Par des copains scouts et un instituteur qui vantait les mérites
de la collection.
-Avez-vous lu des romans de la collection ? Lesquels vous ont le plus
marqué ?
J’en ai lu une trentaine, peut-être. Ceux que je préfère
? « Les Loups de la Rivière Rouge », de
Mike Bruant ; « Port-Sterval »,
de Pierre Delsuc ; « La Bande des Ayacks »,
de J-L Foncine.
- Quel auteur a votre préférence ? Pourquoi ?
Dans la collection Signe de Piste, je pense que c’est Foncine
le meilleur auteur, car son écriture est fluide, subtile sans être
ennuyeuse ni prétentieuse. De plus, ses histoires sont habilement
conduites, en plus d’être captivantes, émouvantes, et surtout
vraisemblables.

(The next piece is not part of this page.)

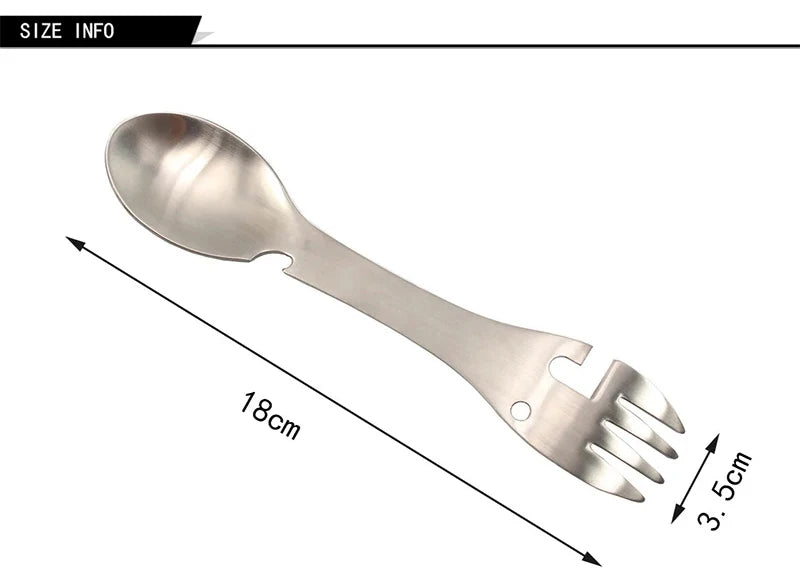 5-in-1 Outdoor Survival EDC Camping Tool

Enfin, Foncine ne craint pas de bousculer un peu les
préjugés, les habitudes, avec humour et une franchise sans affectation.
Foncine est un véritable écrivain.
-Avez-vous déjà écrit des romans « pour
adulte », vos mémoires, de la fiction, autre ?
J’ai écrit surtout des romans pour les adultes, j’en compte une
dizaine, dont un roman policier. Les autres sont plutôt inclassables
et je me garderais bien de les caser dans quelconque catégorie !
-Comment imaginez-vous le thème et l’intrigue de vos romans
?
Le plus souvent, à partir de thèmes… musicaux ; la musique
étant de très loin l’objet de toutes mes passions, bien avant
la littérature, dont je me détache de plus en plus, aussi
paradoxal que cela puisse paraître. Mais j’écris encore un
peu et Victor Hugo n’a-t-il pas dit « les vaches ne boivent
pas de lait » ?
-Vos livres sont très détaillés et très
techniques, mettez-vous longtemps à les écrire ? Faites vous
des repérages des lieux décrits ou similaires? De la documentation
?
J’écris très vite. Un roman de 500 pages me prend deux
ou trois mois seulement. MAIS… les corrections demandent parfois deux ans
! Je parle de syntaxe, d’agencement des dialogues, d’enchaînements,
de transitions.
Repérage des Lieux ? Pour le « Continent »,
c’eut été difficile de descendre dans les entrailles de notre
planète ! Cela dit, pour un roman dont une partie de l’action se passe
à Stuttgart, j’ai séjourné deux fois dans la capitale
du Bade-Wurtemberg. Sinon, la plupart de mes histoires se passent à
Lyon et dans sa région, ce qui me facilite la tâche, bien évidemment.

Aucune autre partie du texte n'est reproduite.